**RECORDS**
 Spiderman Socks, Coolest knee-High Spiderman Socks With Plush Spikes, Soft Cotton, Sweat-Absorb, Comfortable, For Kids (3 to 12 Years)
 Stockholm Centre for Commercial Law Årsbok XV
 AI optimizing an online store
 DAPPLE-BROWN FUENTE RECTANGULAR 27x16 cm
* * *
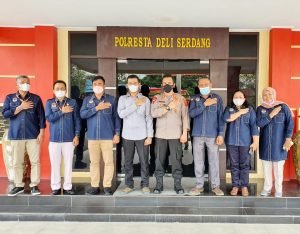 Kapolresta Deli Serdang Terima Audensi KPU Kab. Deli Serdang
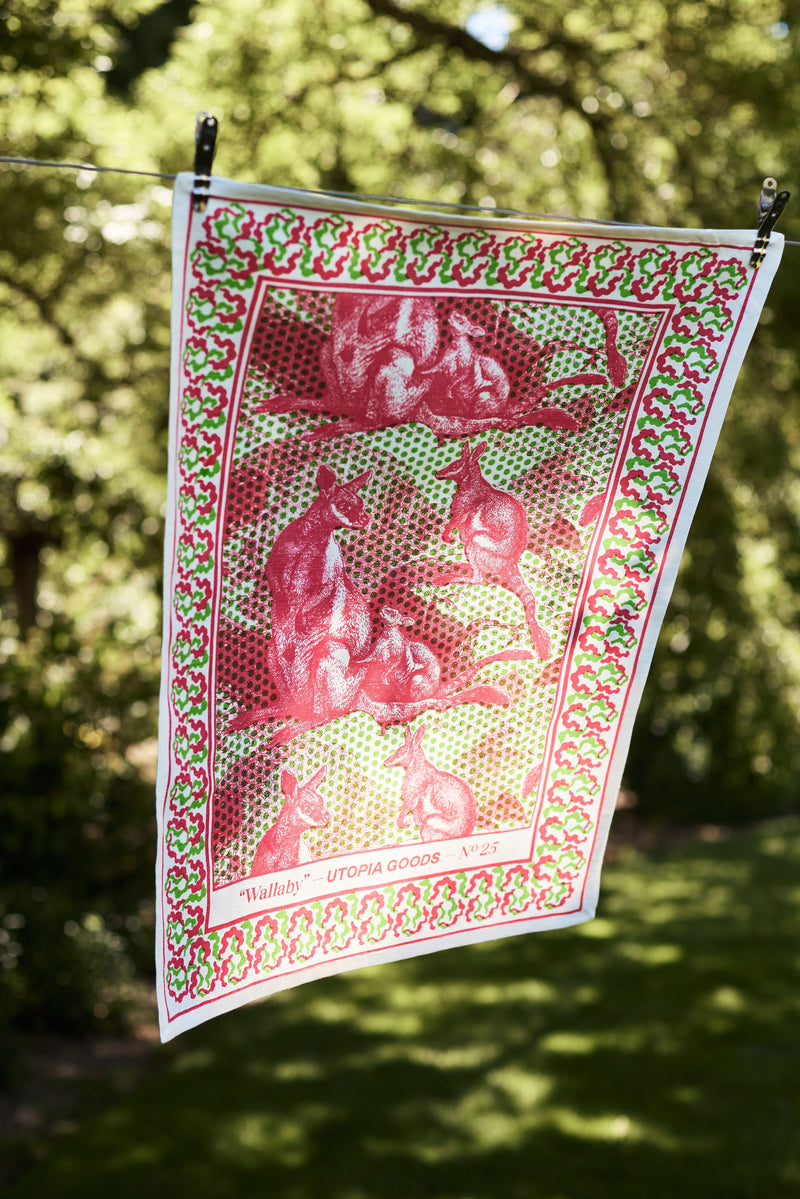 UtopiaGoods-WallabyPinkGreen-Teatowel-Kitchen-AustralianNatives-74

**REQUIRED ACTION**
Restate word for word only the lines above from the line containing "Spiderman Socks, Coolest" to the line containing "DAPPLE-BROWN FUENTE RECTANGULAR 27x16 cm", both of them included.

**RESPONSE BELOW**
 Spiderman Socks, Coolest knee-High Spiderman Socks With Plush Spikes, Soft Cotton, Sweat-Absorb, Comfortable, For Kids (3 to 12 Years)
 Stockholm Centre for Commercial Law Årsbok XV
 AI optimizing an online store
 DAPPLE-BROWN FUENTE RECTANGULAR 27x16 cm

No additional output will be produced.